HTTP works via the client–server model: the client sends a request to the server and based on that request, the server sends a particular response back to the client. This request can be anything from retrieving a web page to creating a user account from a given username and password. Individual requests are independent from each other: for a single request, a single response is sent back.
Apart from HTTP, we often see the HTTPS protocol in web addresses. This stands for Hypertext Transfer Protocol Secure and indicates that the communication has an extra layer of security, so malicious actors can’t easily interrupt it. In a previous post about SSL, we’ve explained what exactly this means and how it works. It’s important to note that everything we discuss in this article applies to HTTPS as well.
HTTP requests can be used for many different purposes, each of which is indicated with its own so-called “method.” Only a select few of these methods are frequently used and are important to know. The most prevalent method is the one you’ve used to get to this very blog: the GET method. This method, as the name suggests, is used for retrieving information from the server. One of these was sent by your browser when you clicked on a link to read this article in order to retrieve the HTML of this web page.
If, for example, you want to send information to a web server to log into an account or to fill in a form, the POST method is used. Two other often used methods are PUT and DELETE. PUT is very similar to POST but is used to update existing records rather than create new ones, and DELETE, as you might have guessed already, is used to request the deletion of certain data.
But how exactly are these methods used when sending a request?
Figure 1 gives a visual representation of an HTTP request. At first, this might look daunting, but we’ll break it down and look at the individual parts. This is a request to a server which processes the text we give it and, in this case, gives us back an HTML page with our text in a heading. The first part of the request we send to this server is the request line, which is made up of three components: the method, the target and the protocol version. This line tells the server what action we want to take, in which destination that action should be taken and – to avoid confusion – what exact protocol we want to use to communicate. In our case, this is a GET request because we want to retrieve an HTML page. We’re sending this request to the (fictitious) /test endpoint using the HTTP version 1.1 protocol.
Next up are the headers. Request headers can be seen as metadata which informs the server about the data that is requested and about the client sending the request. These headers can be further divided into categories, but we’ll ignore them for now. In our request, we need to pass several headers to tell the server what our request looks like – through the Content headers – and what we expect in return from the response – through the Accept headers. The host header ensures the request is sent to the correct server.

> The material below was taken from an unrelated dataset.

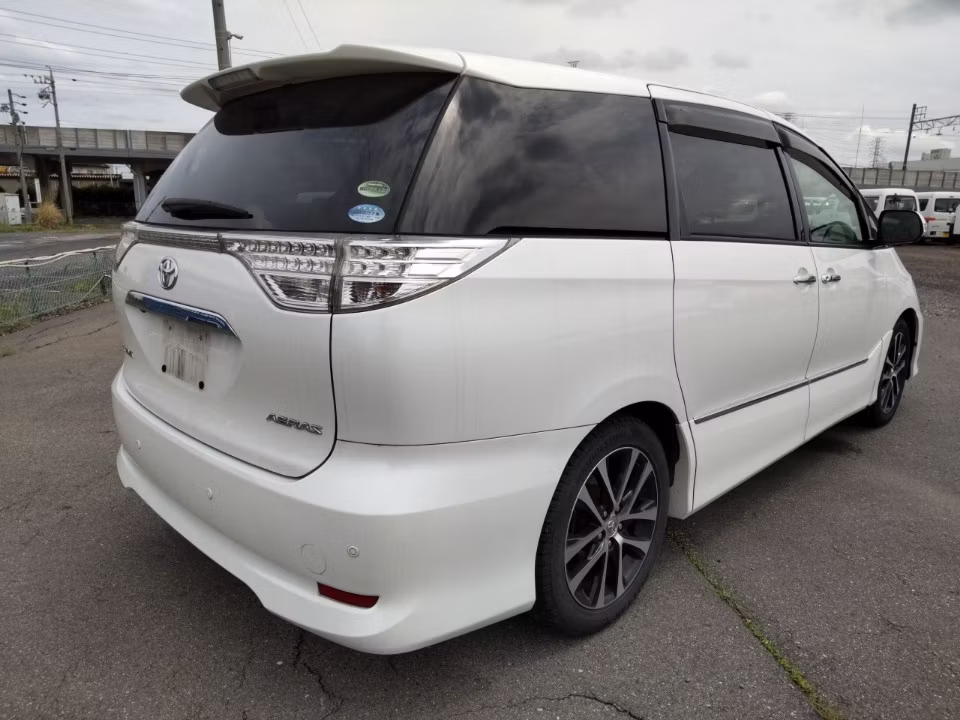 TOYOTA ESTIMA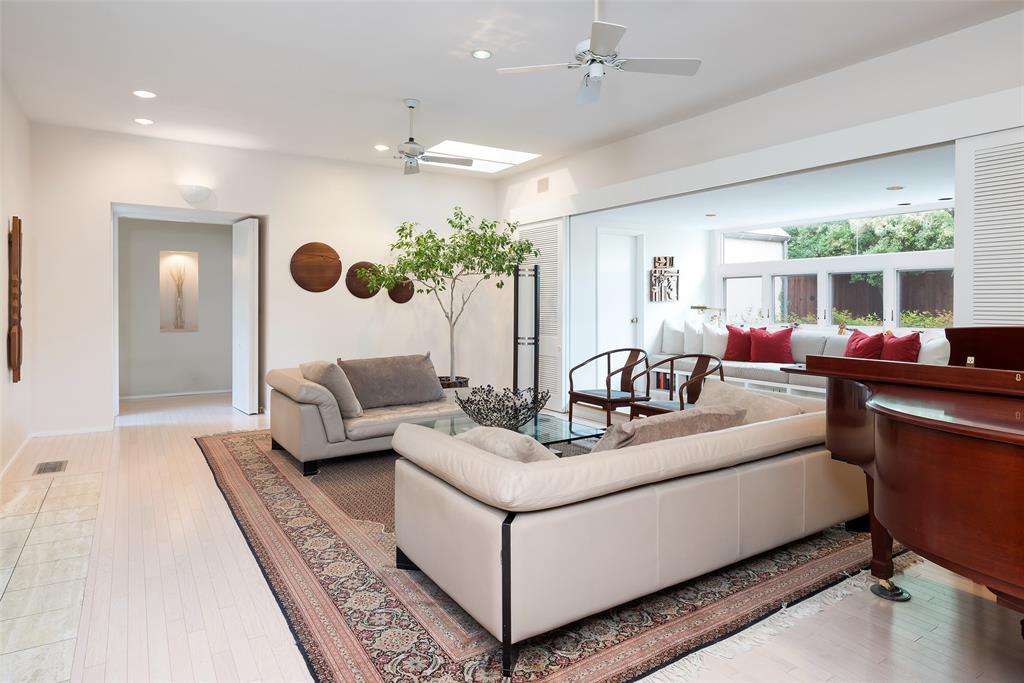 MIDWAY-NORTHWEST ESTATES - Residential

The User-Agent header tells the server what device we’re on and what browser we use. This header looks different for each device type but commonly starts with Mozilla/5.0 to indicate that the browser is compatible with Mozilla. This is only a small selection of possible headers that can be passed with a request. For a complete overview, check out the Mozilla documentation on HTTP headers.
Finally, separated from the headers with a single empty line, is the request body. This is optional as not every request requires content to be sent to the server, but in our case we want to send some text that will be presented in a heading. This is a very simple example and the request body can be much more complex with even multiple resources.
After processing the request, the server will return a response. If the request is successful, the response might look like this:
The HTTP response is structured very similarly to a request. It starts with a status line that lets the client know which HTTP version is used and how the request has been handled through a status code and a complementing status message. These status codes are divided into five categories and indicate the success or failure of the request. Since our request was successful, we got the status code 200 with the text ‘OK’, indicating that everything has gone as planned. This and other status codes can be found in our proprietary data in which we save the response code and headers of every website we crawl.
The status line is followed by the response headers that provide information about the server and the returned content. This content is once again separated from the headers with an empty line and, in our case, contains the HTML structure for a web page with the text we’ve sent to the server in a heading.
Figure 3 shows the 20 most occurring response headers from a large sample of available websites from our proprietary data. We can see that some headers occur in almost every response. This makes sense as they contain some very generic information which most responses need, such as the timestamp of when the response was sent, the type of content it sends back or if the connection to the server will be closed or not.
Hopefully, now you know a bit more about the complex nature of the internet and what goes on behind the scenes when you visit your aunt’s blog or update your LinkedIn profile.